Solidariedade é mais que isso: é o “desaforo” de sermos, gostosamente,
atenciosos uns para os outros.
É
claro que sermos atenciosos não significa sermos subservientes, falsamente
amistosos ou, simplesmente, adequados. Supõe que estimamos quem não conhecemos.
E que esperamos dum gesto atencioso uma retribuição mais ou menos idêntica. Um
sinal, digamos assim, que do atencioso nos leve ao simpático (ao amistoso), e
do simpático ao empático. Contribuindo assim para que sintamos que não estamos
sozinhos. E que temos com quem fazer pontes entre diferenças que, quando
dialogam umas com as outras, nos trazem, a todos, a claridade da mudança.
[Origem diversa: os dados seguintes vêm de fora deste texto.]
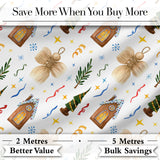 Watercolor Rustic Christmas House Tree Angel Ornament Seamless Pattern Digital Print Fabric by the Metre UK Sewing Quilting Textile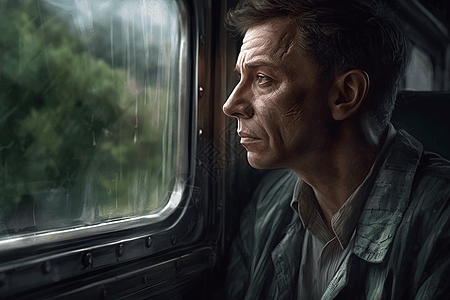 火车上沉思的男人图片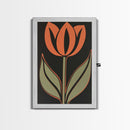 Framed Canvas Wall Art, Dark Botanical Black Background Orange Flower Modern Boho Wall Art Living Room Decor Above Sofa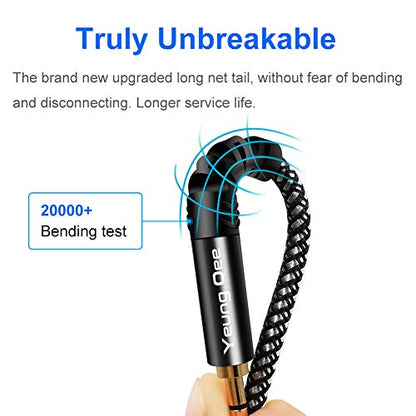3.5mm to 6.35mm Stereo Audio Cable 25 ft, 1/4 to 1/8 Audio Cable,3.5mm Male to 6.35mm Male TRS Nylon Braid Cable Compatible for iPod, Laptop,Home Theater Devices, and Amplifiers (25FT/8M) - size: 25FT/8M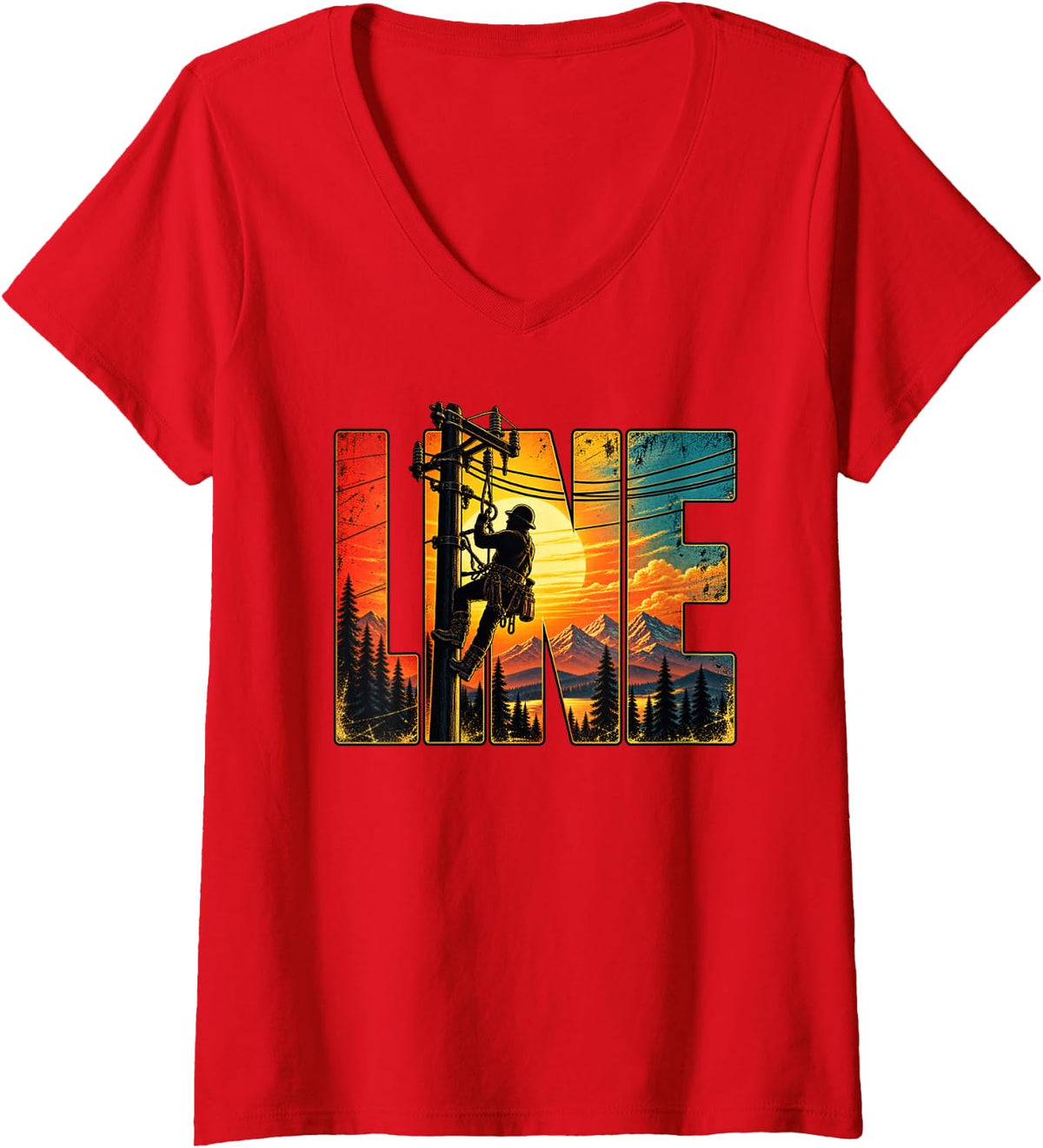 Women's Electric Cable Lineman Retro Electrician V-Neck T-Shirt - Red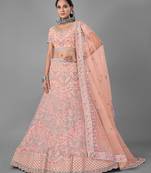 Peach embroidered net Semi Stitched Bridal Lehenga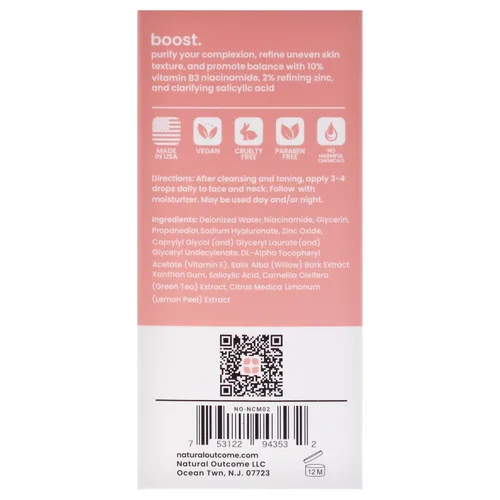 Vista 7 de Suero de niacinamida B-Boost de natural outcome para mujer - Suero de 2 onzas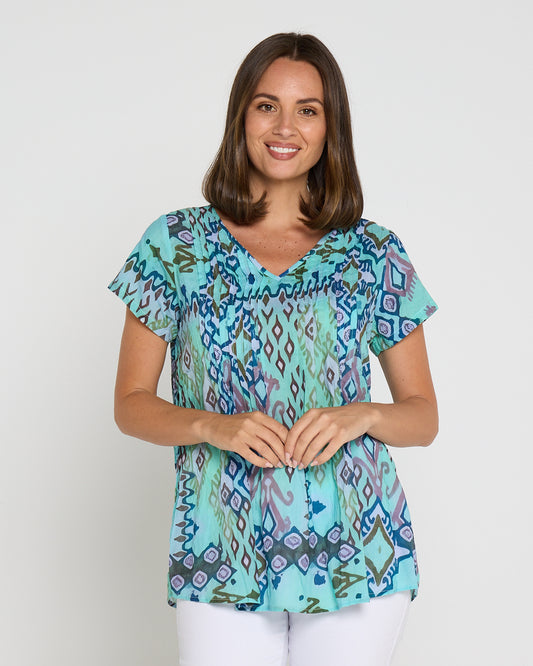 Carmody Cotton Top - Mint Motifs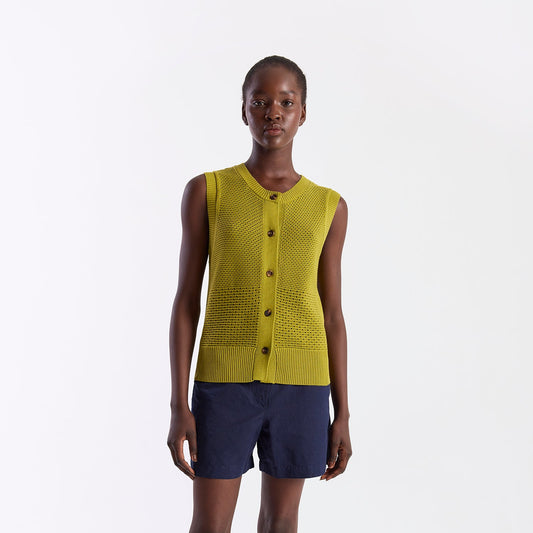 Mix Pointelle Tank Top - Olive Oil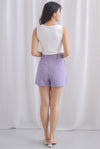 Lyssie Detail Front Shorts In Periwinkle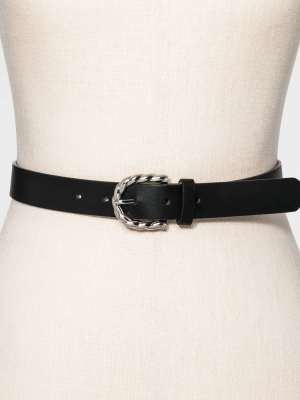 Women's Silver Rope Buckle Belt - A New Day™ Black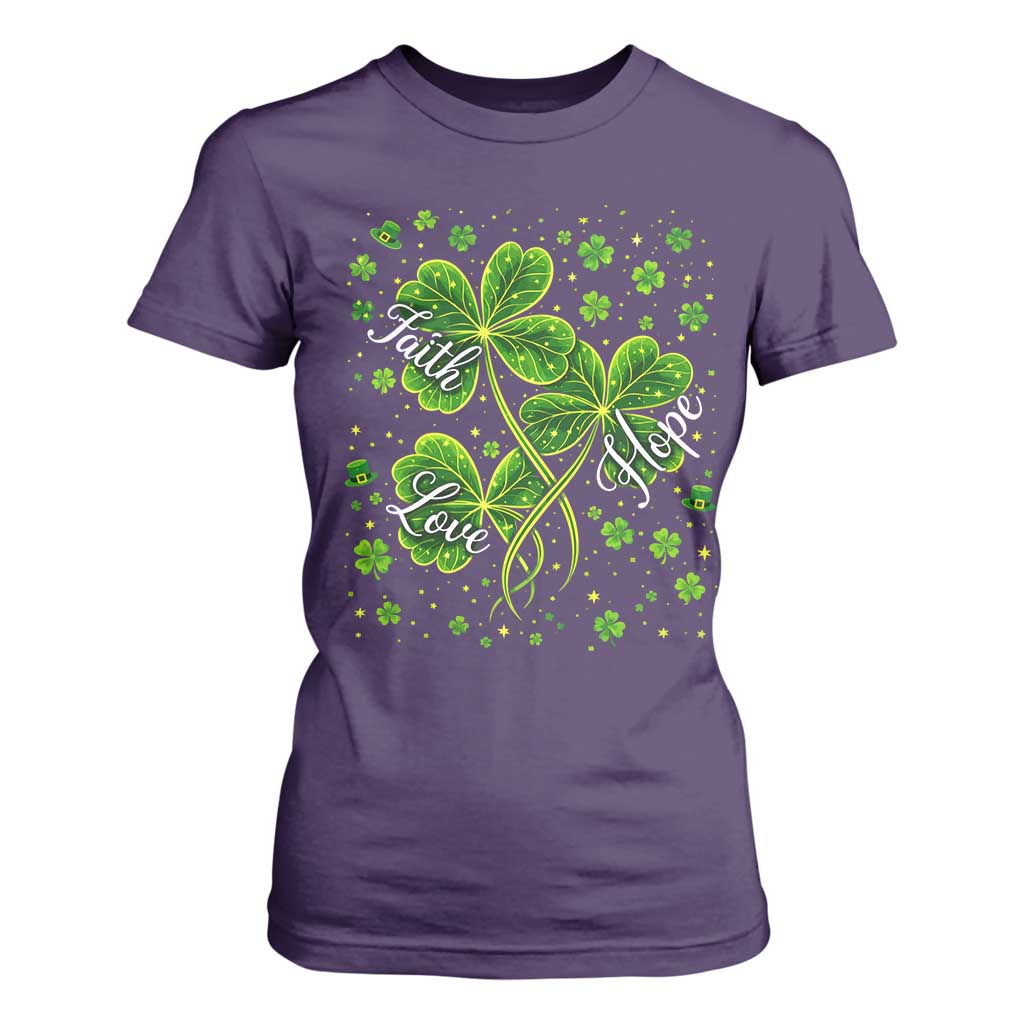 Four Leaf Clover Christian T Shirt For Women Irish Lucky Shamrock Faith Hope Love Religious TS10 Purple Print Your Wear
Sempre que somos atenciosos começa a mudança.
Mas,
vendo bem, os nossos filhos vivem num tempo em que parece ter-se tornado
jurássico o desejo de mudar o mundo. Parecem demasiado apegados à ideia de que
o mundo deve adaptar-se mais aos seus desejos, que é, de certa forma, uma
maneira de o querer transformado só para si. Sem que as grandes mudanças que
ele lhes possa vir a trazer sejam transversais a mais pessoas que contribuam
para que ele mude mais, ainda. Um mundo que se adapte aos seus desejos e um mundo que
muda são duas ordens de grandeza diferentes.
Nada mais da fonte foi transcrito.